INTERVIEW: Perfect Partners #11 - Andy Moles and Ferdia Earle

In this series of articles, Tom Ripley interviews some well-known - and lesser known - climbing partnerships to dig up their dirty secrets and find out what they really think of one another...

Andy Moles and Ferdia Earle are an enigmatic climbing couple whom you've probably never heard of. Together they have climbed bucketloads of hard(ish) UK trad climbs, oodles of amazing boulder problems and a fair chunk of gnarly Scottish winter routes. The pair have also done more world classics than most people have had hot dinners. Their enviable international CV reads like a post from Duncan Critchley's long running UKB thread, Fairly Long, Moderately Hard and Mostly Free. It includes: Positive Vibrations, The Original Route on Rainbow Wall, Regular North Face Route ("The Rostrum"), Moonlight Buttress (almost free), Salbitschijen West Ridge, Levitation 29, Primrose Dihedrals, République Bananière and Free Blast.
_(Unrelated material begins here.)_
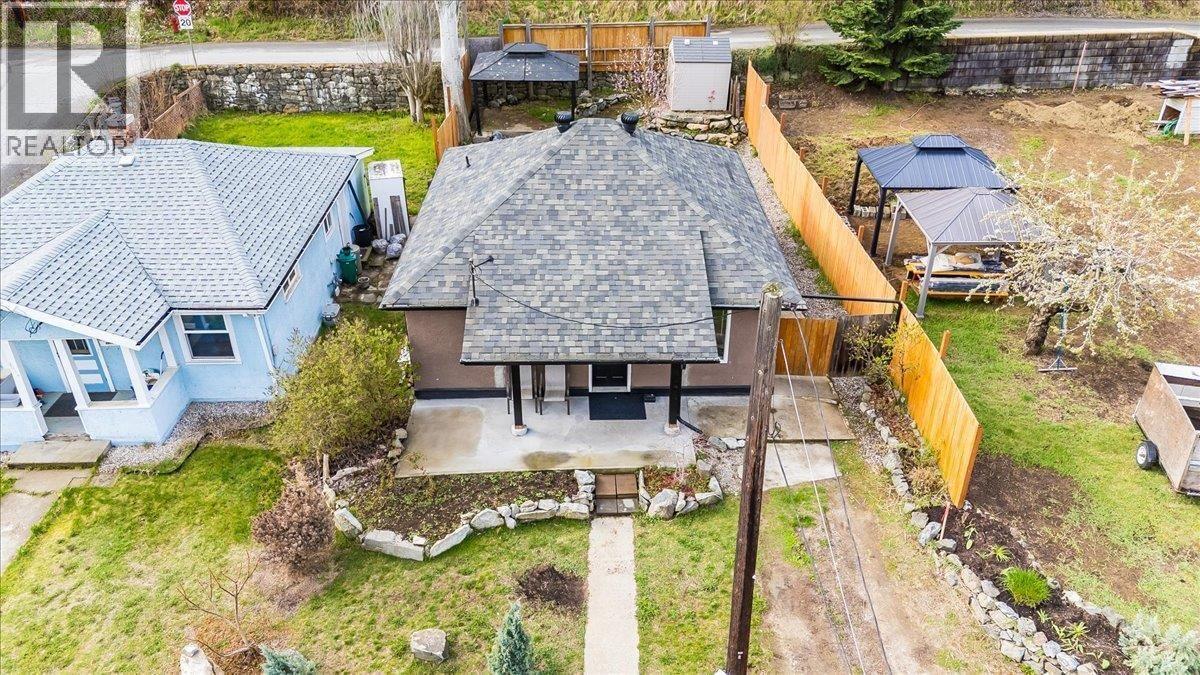 2006 DANIEL STREET Image 35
Enjoying a beer after flailing up The Rostrum., 165 kb
Enjoying a beer after flailing up The Rostrum.
© Andy Moles

Andy works as a freelance climbing and mountaineering instructor and is a talented writer. His account of an epic he had on the Shelterstone's Sticil Face a few winters back is one of the most gripping I have read. Ferdia works freelance as a Research Officer in child development and children's social work. Read on to find out what they really think of each other.

Andy on Ferdia

How did you first meet?

We met in a pub in Edinburgh when we were students. I was President of the uni mountaineering club and she was the 'new girl'.

Did you know Ferdia by reputation?

In climbing terms, she didn't have one. She had been climbing for years with a teacher from her school, the legendary Andrew Wielochowski, having old-fashioned adventures in places like Lundy and Cloggy and Creag Meagaidh. But she was like a Galapagos penguin, doing her own thing in blissful ignorance of the wider climbing community.

What was your first impression?

My early memories are of Ferdia necking rosé wine from the bottle and climbing the internal architecture of sticky, dark clubs on the Cowgate. When we got talking I learned she had grown up living out of vehicles as a barefoot changeling child of the forest, and she had long mermaid hair, so I was head over heels.

Ferdia on the technical crux pitch of Neanderthal in the Lost Valley, Glencoe., 148 kb
Ferdia on the technical crux pitch of Neanderthal in the Lost Valley, Glencoe.
© Ferdia Earle

What was the first route you climbed together?

Something at Limekilns. Ferdia fell off the top of the route, ripped out her top nut and stopped a couple of feet off the ground. She didn't seem fazed at all. This was both worrying and inspiring – I thought she was a fabulous nutcase. Though it turned out, probably for the best in the long run, that she's not.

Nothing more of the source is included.